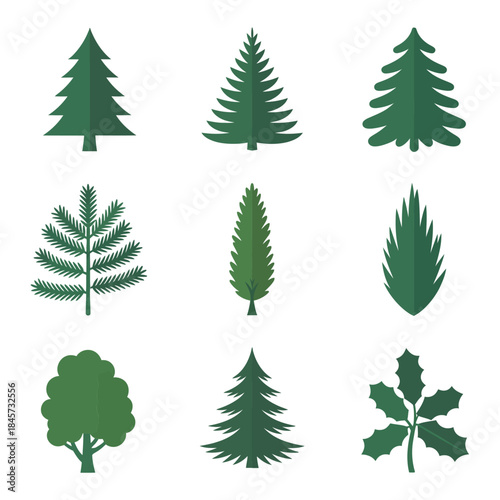 Pine tree icon collection, conifer fir spruce shapes symbols, evergreen forest nature theme, modern flat vector illustration design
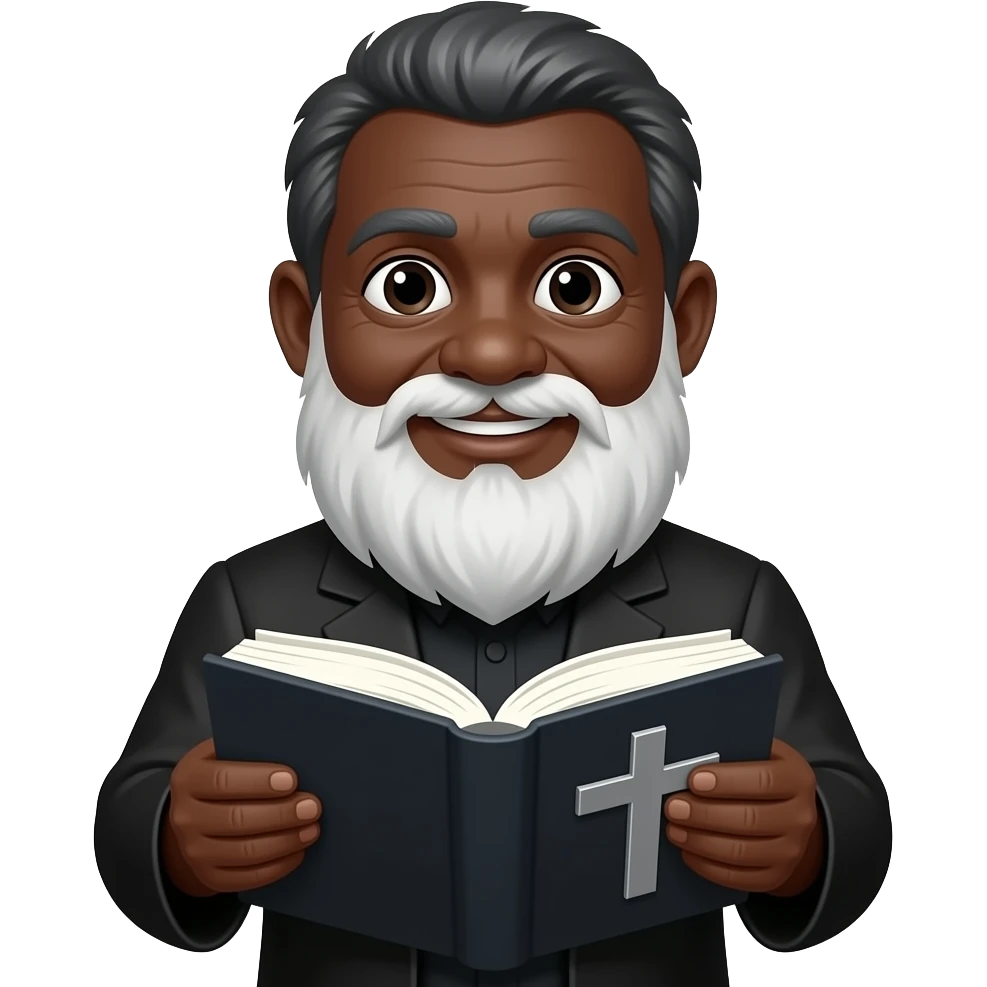 wise old man with greying black hair white beard black skin smile with book that has a cross on it emoji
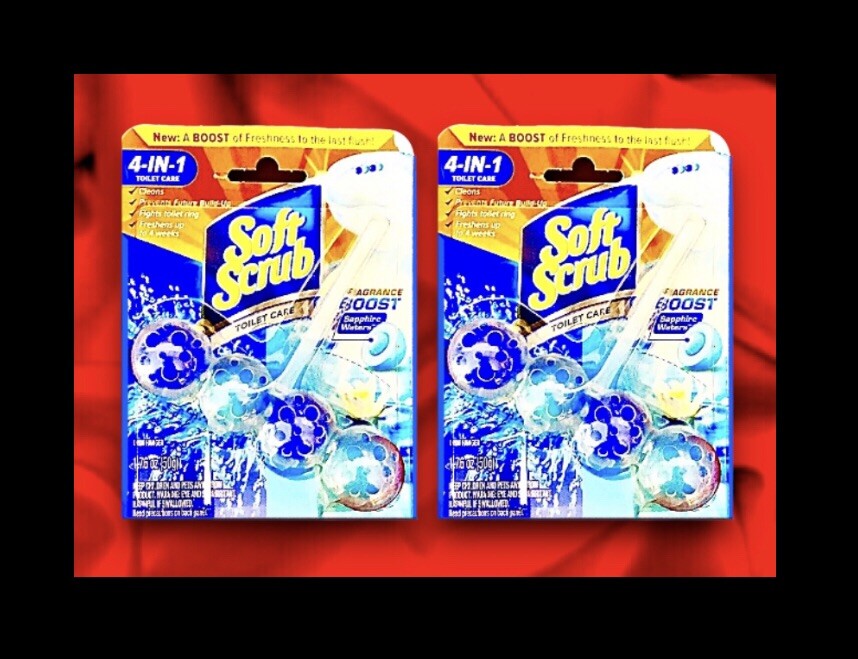 2pks Soft Scrub 4-in-1 Technology Toilet Care SAPPHIRE WATERS:clean/fight/fresh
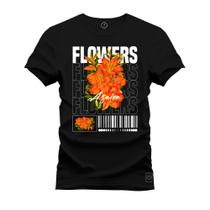 Camiseta Estampada Premium Algodão Flowers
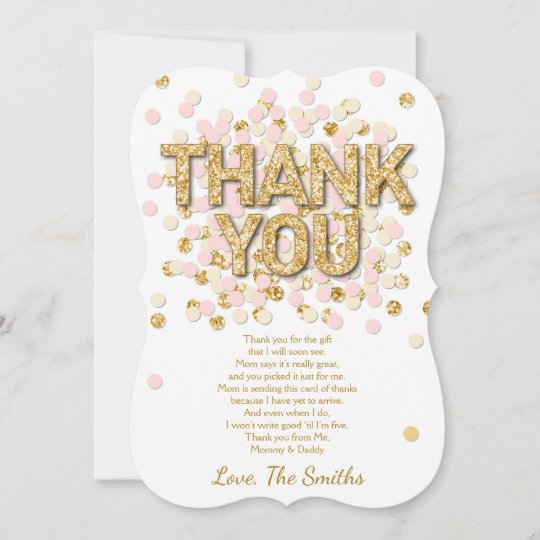 baby shower thank you card confetti gold pink girl
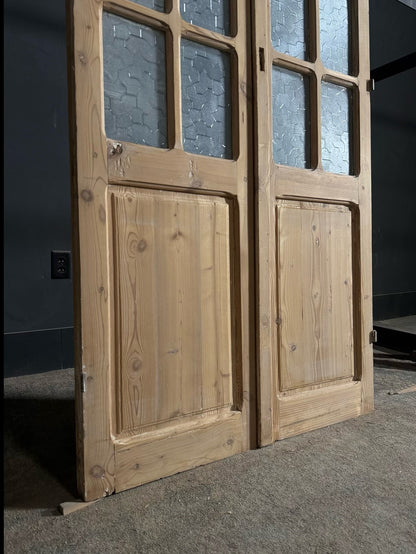 Antique Obscured Glass 8 Lite French Doors - 37x82.25 - N637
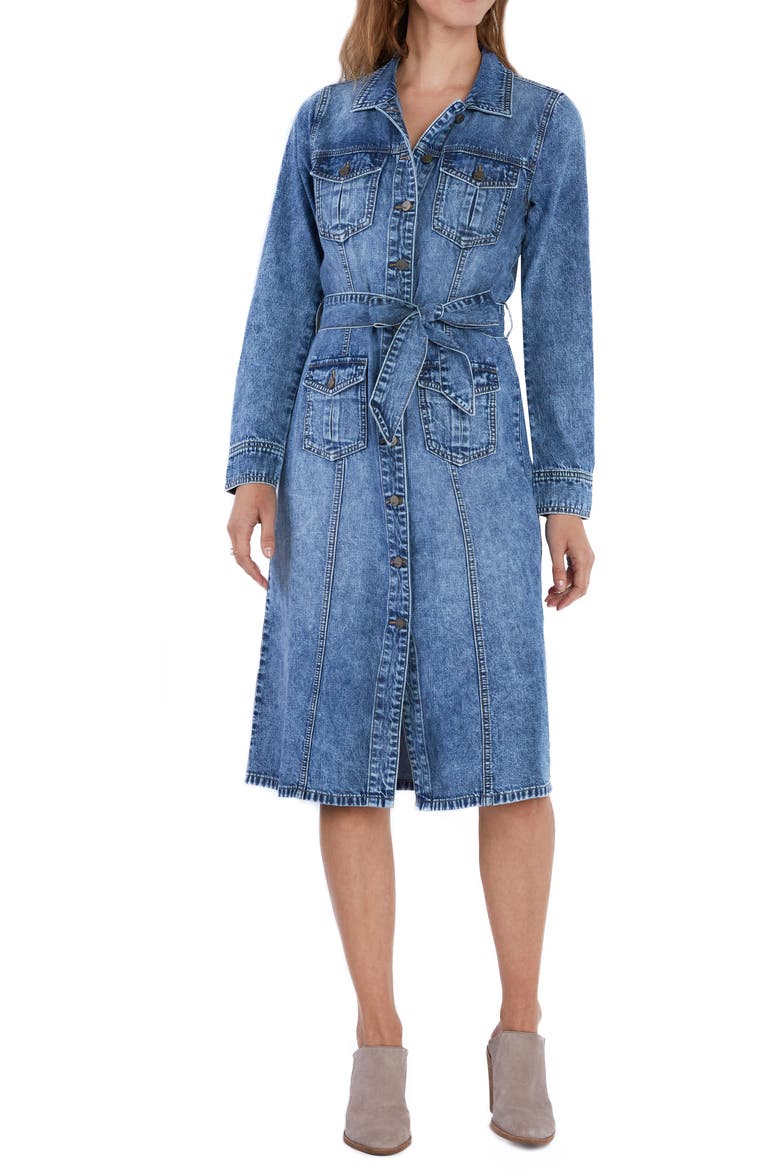 Mabel Retro Tie Belt Long Sleeve Denim Midi Shirtdress, Main, color, CLEAR BLUE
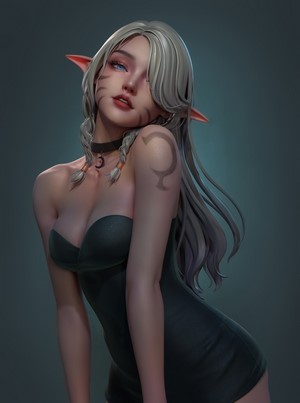 Elf girl with face paint and tattoos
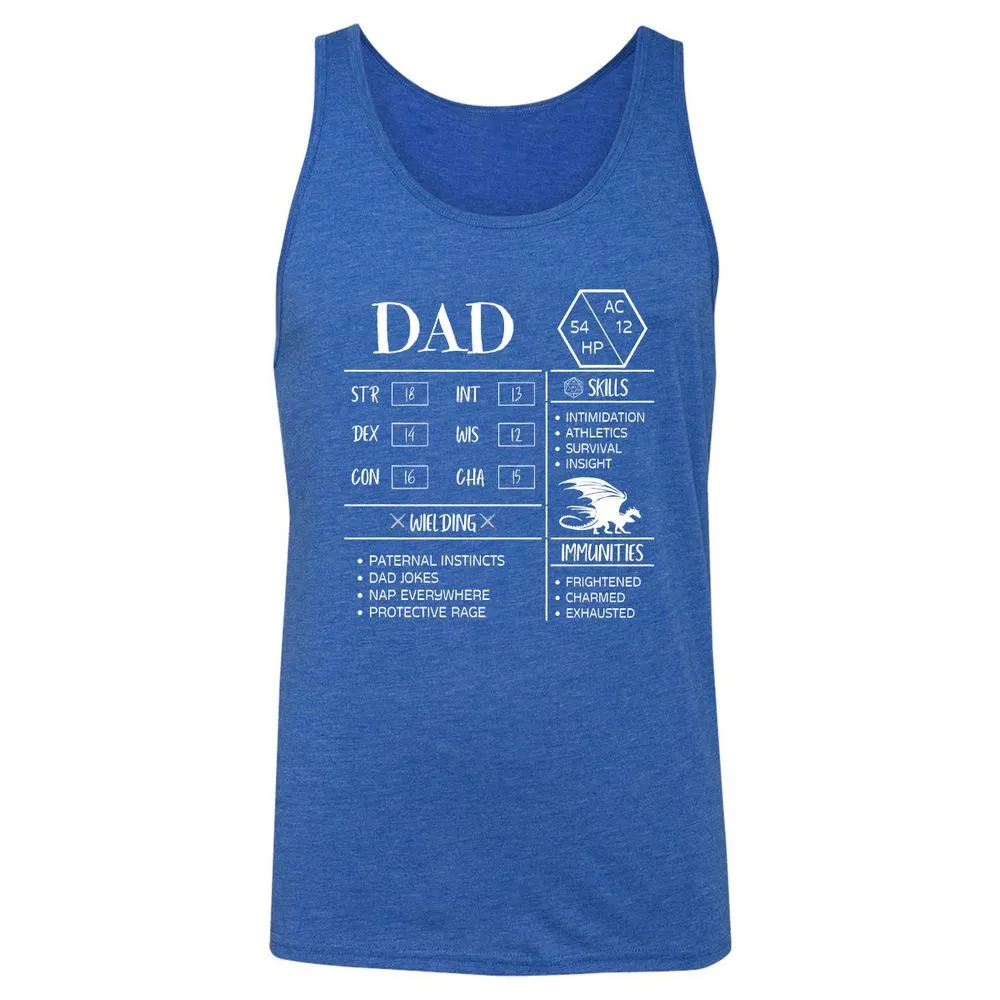 Dad Stats 2 Unisex Jersey Tank - True Royal Triblend - 12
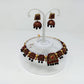 Terracotta Red and Black Choker Necklace Set Paired with Temple Earrings
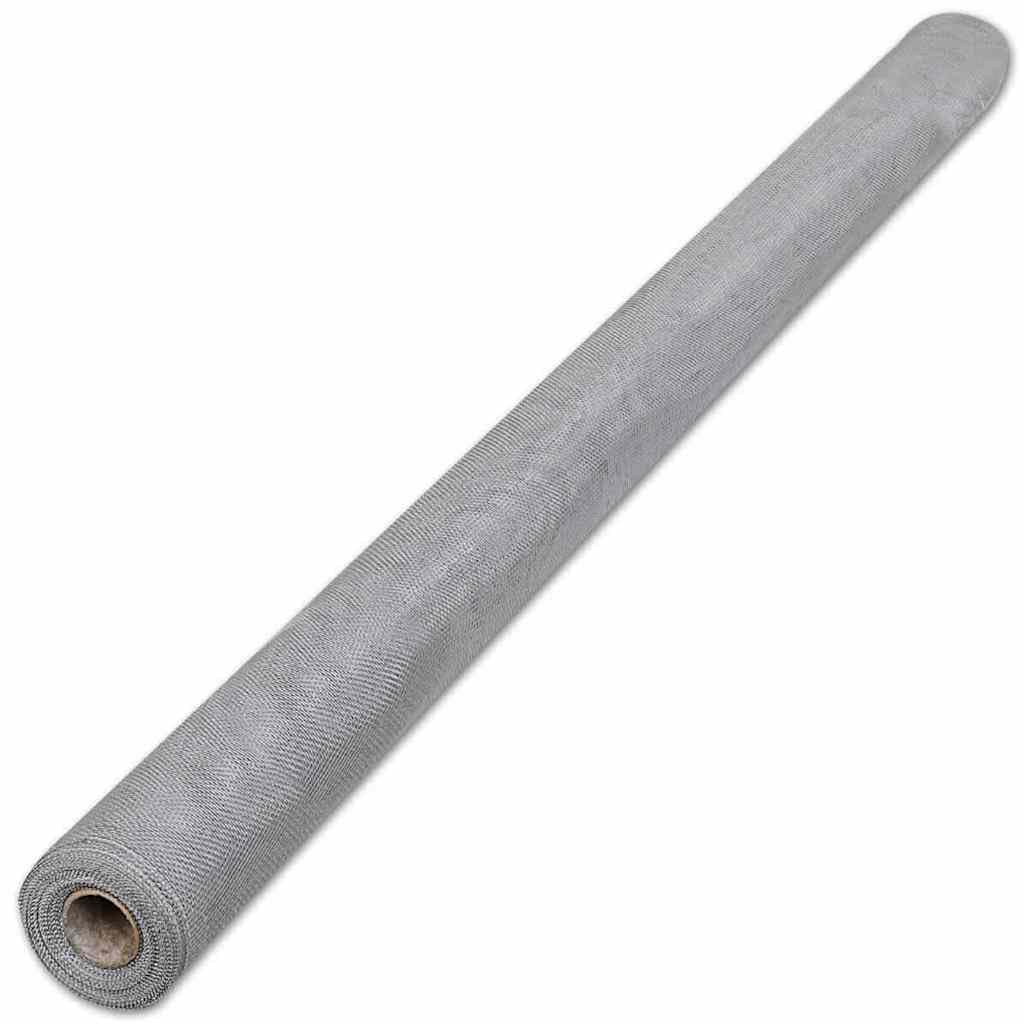 Aluminum Mesh Screen 39.4"x196.9" Silver P58414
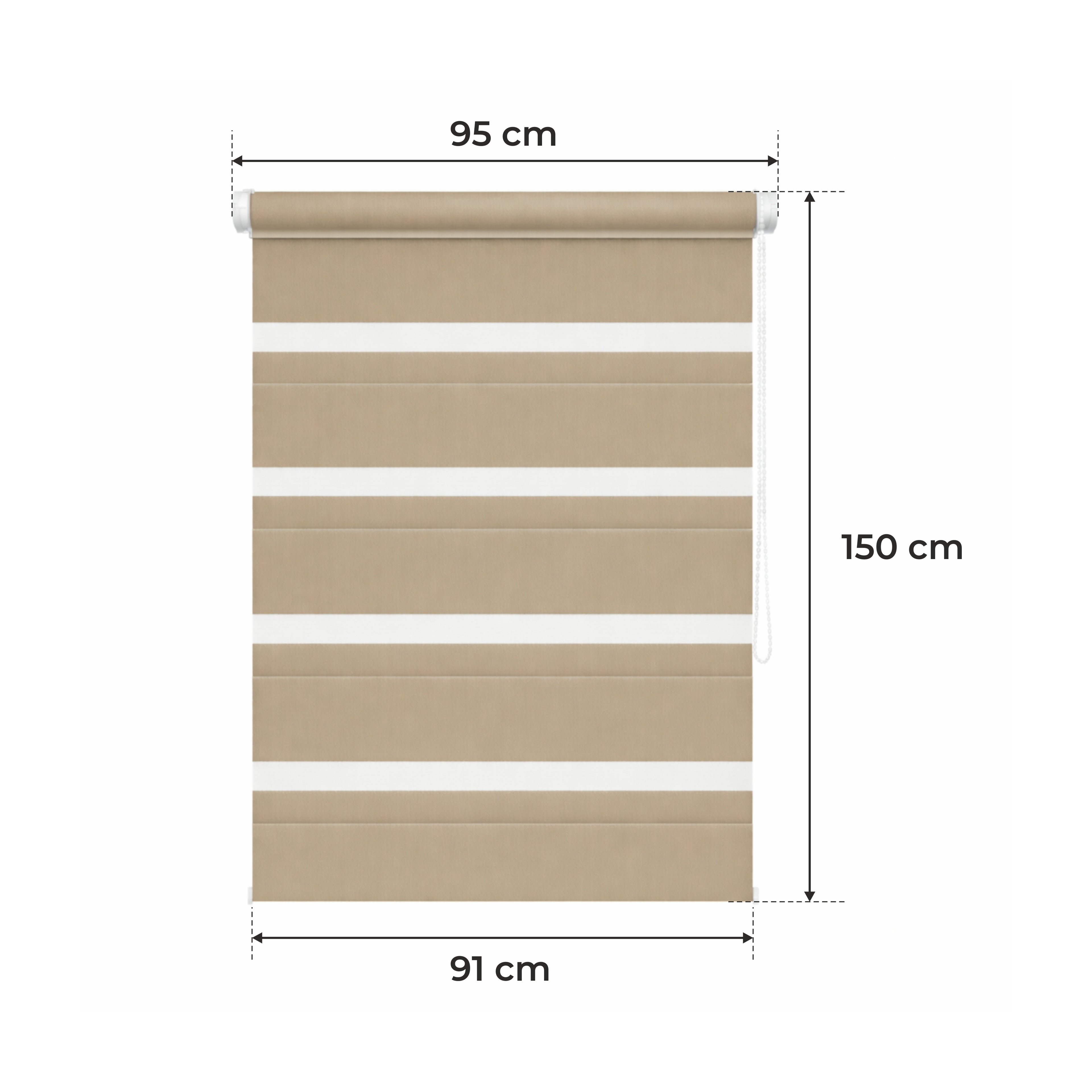Tenda a rullo giorno e notte - MARRONE CHIARO - 32 misure - BOJANEK DAY & NIGHT - Installazione finestra non invasiva, nessuna foratura richiesta, regolazione a catena, supporti regolabili per vari spessori di finestra, design moderno, protezione dalla lu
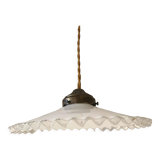 White opaline pendant lamp with lace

::::::

DIRECTIONS FOR THIS TASK —
With the pictures removed, print only the lines starting at the line that has "Dad Stats 2" and ending at the line that has "Aluminum Mesh Screen", both ends included, exactly as they stand above.

YOUR RESPONSE —
 Dad Stats 2 Unisex Jersey Tank - True Royal Triblend - 12
 Terracotta Red and Black Choker Necklace Set Paired with Temple Earrings
 Aluminum Mesh Screen 39.4"x196.9" Silver P58414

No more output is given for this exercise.